Exercise description:
Please reproduce the listing verbatim, without its images.

Supplied data:
+---+
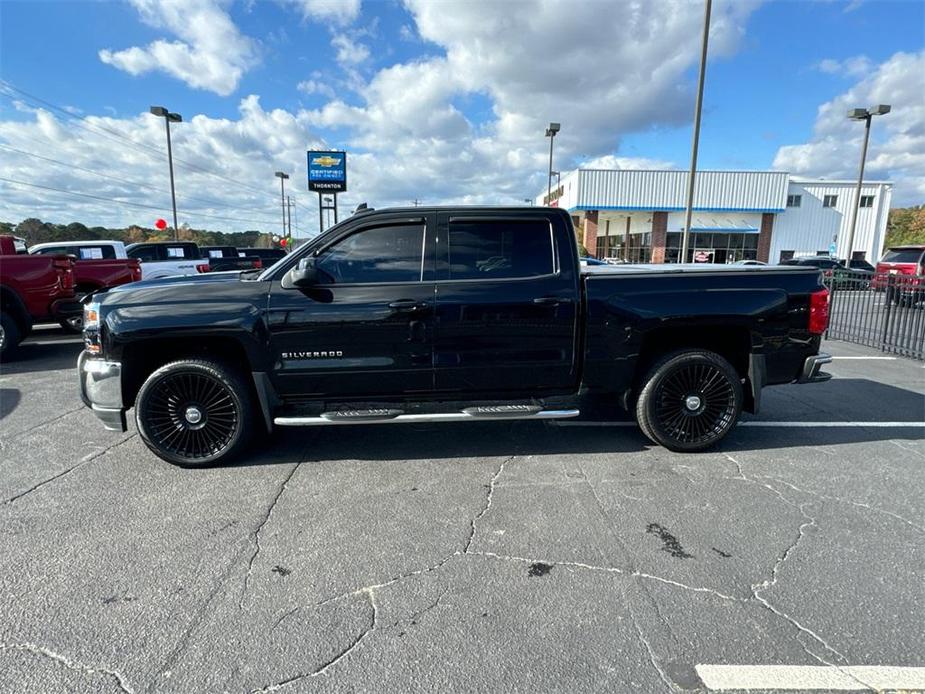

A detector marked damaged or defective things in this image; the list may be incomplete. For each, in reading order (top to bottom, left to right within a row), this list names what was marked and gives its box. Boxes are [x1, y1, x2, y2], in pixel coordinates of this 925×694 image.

cracked asphalt [0, 334, 920, 694]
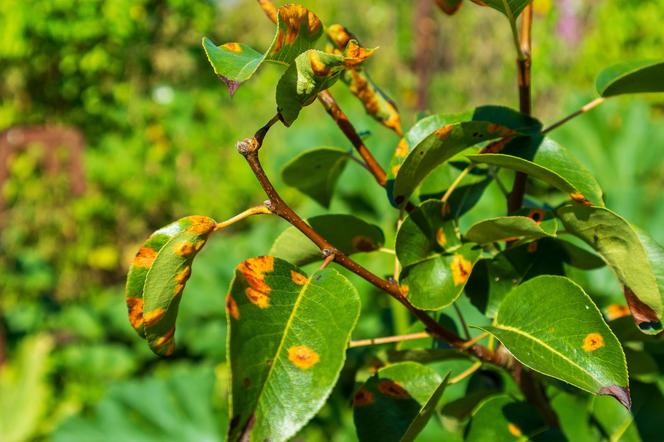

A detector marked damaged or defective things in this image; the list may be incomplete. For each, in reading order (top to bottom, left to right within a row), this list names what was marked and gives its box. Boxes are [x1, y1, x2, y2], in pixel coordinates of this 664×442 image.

rust spot [434, 123, 454, 139]
rust spot [187, 217, 215, 237]
rust spot [350, 235, 376, 252]
rust spot [133, 247, 158, 268]
rust spot [290, 270, 308, 286]
rust spot [452, 254, 472, 284]
rust spot [127, 298, 144, 330]
rust spot [143, 308, 166, 328]
rust spot [604, 304, 632, 322]
rust spot [154, 328, 176, 348]
rust spot [584, 332, 604, 352]
rust spot [286, 346, 320, 370]
rust spot [352, 386, 374, 408]
rust spot [378, 378, 410, 398]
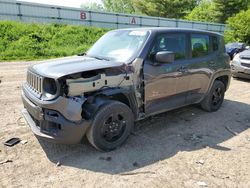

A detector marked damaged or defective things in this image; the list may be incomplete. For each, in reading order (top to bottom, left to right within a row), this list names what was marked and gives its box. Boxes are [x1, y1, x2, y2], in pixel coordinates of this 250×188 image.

crumpled hood [30, 55, 124, 79]
crushed bumper [21, 91, 90, 144]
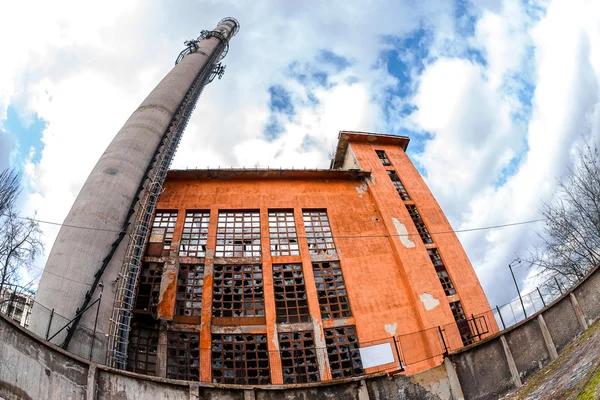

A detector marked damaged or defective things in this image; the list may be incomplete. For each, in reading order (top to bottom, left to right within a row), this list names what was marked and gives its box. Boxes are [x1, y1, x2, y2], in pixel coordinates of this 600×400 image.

broken window frame [386, 170, 410, 200]
broken window frame [178, 211, 211, 258]
broken window frame [217, 211, 262, 258]
broken window frame [268, 209, 300, 256]
broken window frame [302, 211, 336, 255]
broken window frame [406, 206, 434, 244]
broken window frame [134, 262, 164, 316]
broken window frame [175, 264, 205, 324]
broken window frame [213, 266, 264, 322]
broken window frame [274, 264, 310, 324]
broken window frame [312, 260, 354, 320]
broken window frame [428, 248, 458, 296]
broken window frame [126, 322, 158, 376]
broken window frame [166, 330, 202, 382]
broken window frame [210, 332, 268, 384]
broken window frame [278, 330, 322, 382]
broken window frame [326, 326, 364, 380]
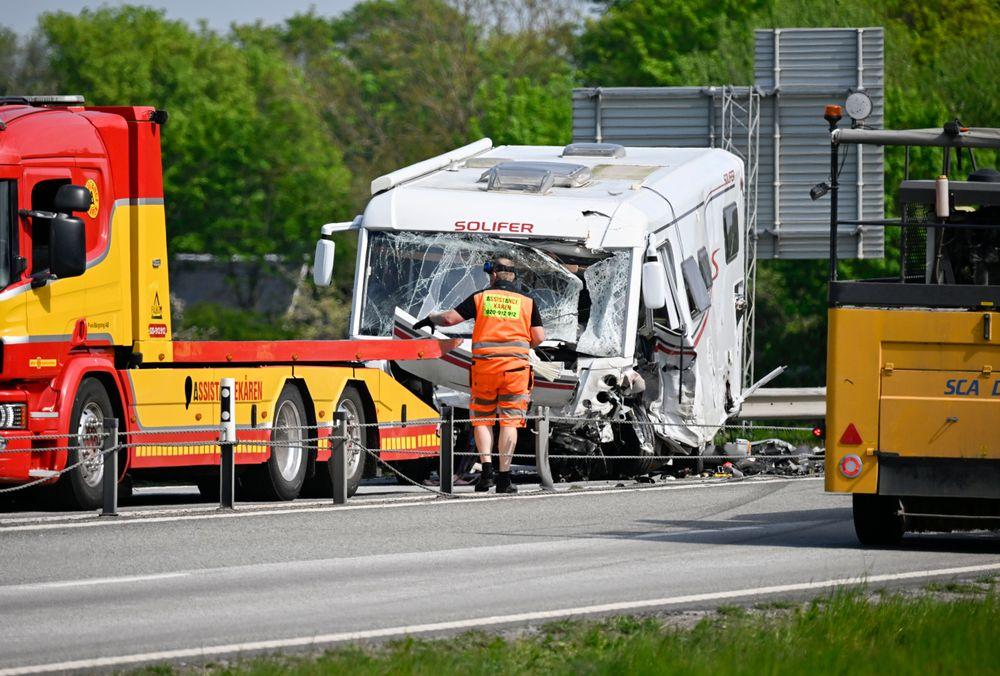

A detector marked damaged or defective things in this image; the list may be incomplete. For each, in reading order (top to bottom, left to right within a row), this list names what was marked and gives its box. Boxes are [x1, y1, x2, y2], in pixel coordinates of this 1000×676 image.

shattered windshield [362, 230, 632, 356]
damaged white motorhome [316, 140, 760, 472]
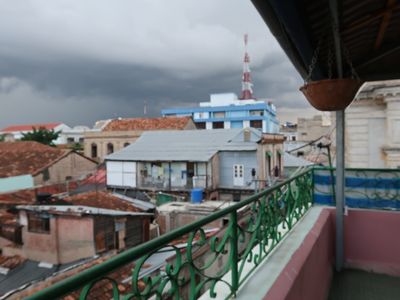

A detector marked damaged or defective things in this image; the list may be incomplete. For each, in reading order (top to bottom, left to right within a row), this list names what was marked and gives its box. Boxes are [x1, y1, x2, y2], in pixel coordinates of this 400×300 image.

rusty metal roof [252, 0, 400, 81]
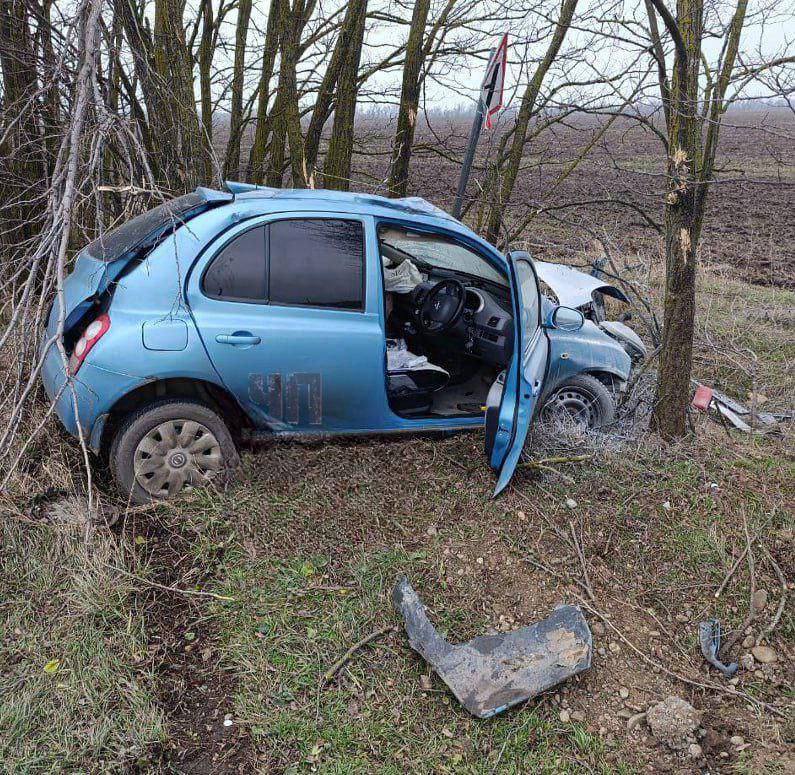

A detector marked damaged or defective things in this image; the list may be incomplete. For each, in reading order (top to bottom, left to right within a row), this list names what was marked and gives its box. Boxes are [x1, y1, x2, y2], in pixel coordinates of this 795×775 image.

crashed car [40, 186, 640, 504]
detached bumper piece [394, 580, 592, 720]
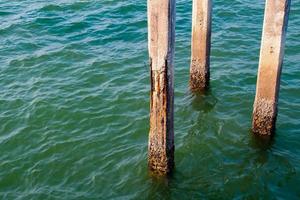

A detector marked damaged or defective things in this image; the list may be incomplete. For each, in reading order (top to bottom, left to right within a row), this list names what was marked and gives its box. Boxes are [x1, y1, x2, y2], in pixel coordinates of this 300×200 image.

peeling rust texture [148, 58, 173, 175]
rust stain on pillar [147, 0, 175, 174]
slender rusty column [148, 0, 176, 173]
corroded steel pole [148, 0, 176, 173]
peeling rust texture [190, 57, 209, 92]
brown rusty patch [190, 57, 209, 92]
slender rusty column [189, 0, 212, 92]
corroded steel pole [190, 0, 211, 92]
rust stain on pillar [190, 0, 211, 92]
peeling rust texture [252, 98, 278, 136]
brown rusty patch [252, 98, 278, 136]
corroded steel pole [252, 0, 292, 135]
slender rusty column [252, 0, 292, 136]
rust stain on pillar [252, 0, 292, 136]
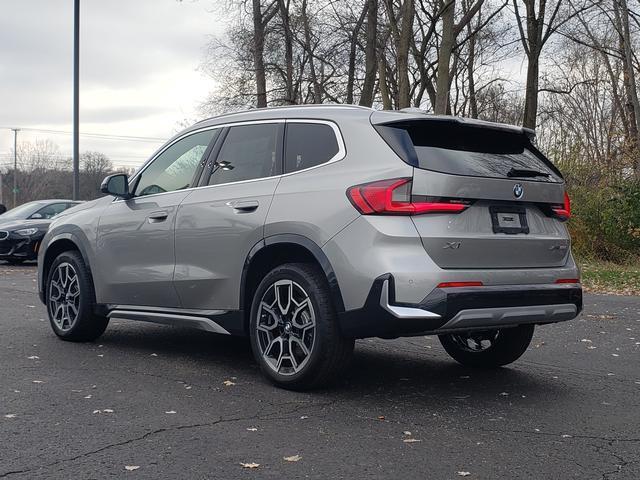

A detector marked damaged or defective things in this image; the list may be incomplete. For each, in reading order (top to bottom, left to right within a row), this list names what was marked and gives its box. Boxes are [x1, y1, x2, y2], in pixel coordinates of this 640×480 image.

crack in asphalt [0, 400, 336, 478]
+---+
Answer to this problem:
A detector marked damaged or defective things in this image; the list may be incomplete. For each, in reading order (top to bottom, left to right within a row), this list names what was marked and gives its box. Boxes are [x1, y1, x2, y2], in pixel coordinates of this 925×694 image.

cracked asphalt [0, 334, 920, 694]

A detector marked damaged or defective things in this image; the list may be incomplete. For each, in reading order (top to bottom, left to right within a row), this list names what was marked and gives its box. Boxes are [x1, y1, x2, y2], in pixel coordinates of this 664×442 image.

rust spot [434, 123, 454, 139]
rust spot [187, 217, 215, 237]
rust spot [350, 235, 376, 252]
rust spot [133, 247, 158, 268]
rust spot [290, 270, 308, 286]
rust spot [452, 254, 472, 284]
rust spot [127, 298, 144, 330]
rust spot [143, 308, 166, 328]
rust spot [604, 304, 632, 322]
rust spot [154, 328, 176, 348]
rust spot [584, 332, 604, 352]
rust spot [286, 346, 320, 370]
rust spot [352, 386, 374, 408]
rust spot [378, 378, 410, 398]

A detector marked damaged or defective things in this image; the list may be incomplete. For each, in reading order (top to bottom, left to right within a row), this list names what was marked and gives its box. Boxes are [x1, y1, x2, y2], in pixel coordinates of this 250×188 image.

crumpled hood [30, 55, 124, 79]
crushed bumper [21, 91, 90, 144]

A detector marked damaged or defective things in this image; the list may be incomplete. For each, in reading order (top to bottom, left to right within a row), this list names what was marked and gives its box. Boxes are [x1, y1, x2, y2], in pixel coordinates of this 600×400 image.

broken window frame [386, 170, 410, 200]
broken window frame [178, 211, 211, 258]
broken window frame [217, 211, 262, 258]
broken window frame [268, 209, 300, 256]
broken window frame [302, 211, 336, 255]
broken window frame [406, 206, 434, 244]
broken window frame [134, 262, 164, 316]
broken window frame [175, 264, 205, 324]
broken window frame [213, 266, 264, 322]
broken window frame [274, 264, 310, 324]
broken window frame [312, 260, 354, 320]
broken window frame [428, 248, 458, 296]
broken window frame [126, 322, 158, 376]
broken window frame [166, 330, 202, 382]
broken window frame [210, 332, 268, 384]
broken window frame [278, 330, 322, 382]
broken window frame [326, 326, 364, 380]

A detector marked damaged or defective things in this image; the list may be incomplete. For each, in reading order (top to bottom, left to right within a row), this list names what was marked and gives its box. Boxes are [x1, y1, x2, y2], in pixel coordinates of this 1000×676 image.

shattered windshield [362, 230, 632, 356]
damaged white motorhome [316, 140, 760, 472]

A detector marked damaged or defective things in this image; the list may be incomplete. For each, in reading order (top to bottom, left to right within a row), this list names what was marked and gives its box. Boxes are [x1, y1, x2, y2], in pixel coordinates of this 400×300 image.

rusty metal roof [252, 0, 400, 81]

A detector marked damaged or defective things in this image; the list may be incomplete. For each, in reading order (top to bottom, left to right within a row), this list names what was marked and gives its box. Boxes are [x1, y1, x2, y2], in pixel coordinates of this 795×775 image.

crashed car [40, 186, 640, 504]
detached bumper piece [394, 580, 592, 720]

A detector marked damaged or defective things in this image; the list may be incomplete. For each, in reading order (top to bottom, left to right within a row), this list names what was marked and gives its box. Boxes are [x1, y1, x2, y2], in pixel coordinates of this 300×200 image.

peeling rust texture [148, 58, 173, 175]
rust stain on pillar [147, 0, 175, 174]
slender rusty column [148, 0, 176, 173]
corroded steel pole [148, 0, 176, 173]
peeling rust texture [190, 57, 209, 92]
brown rusty patch [190, 57, 209, 92]
slender rusty column [189, 0, 212, 92]
corroded steel pole [190, 0, 211, 92]
rust stain on pillar [190, 0, 211, 92]
peeling rust texture [252, 98, 278, 136]
brown rusty patch [252, 98, 278, 136]
corroded steel pole [252, 0, 292, 135]
slender rusty column [252, 0, 292, 136]
rust stain on pillar [252, 0, 292, 136]

A detector marked damaged or defective things in this image; the list may be incomplete. For each, in reading order (top to bottom, left to right within a row), this list names what was marked and gives its box. Boxes are [x1, y1, x2, y2], in pixel coordinates of this 640×480 image.

crack in asphalt [0, 400, 336, 478]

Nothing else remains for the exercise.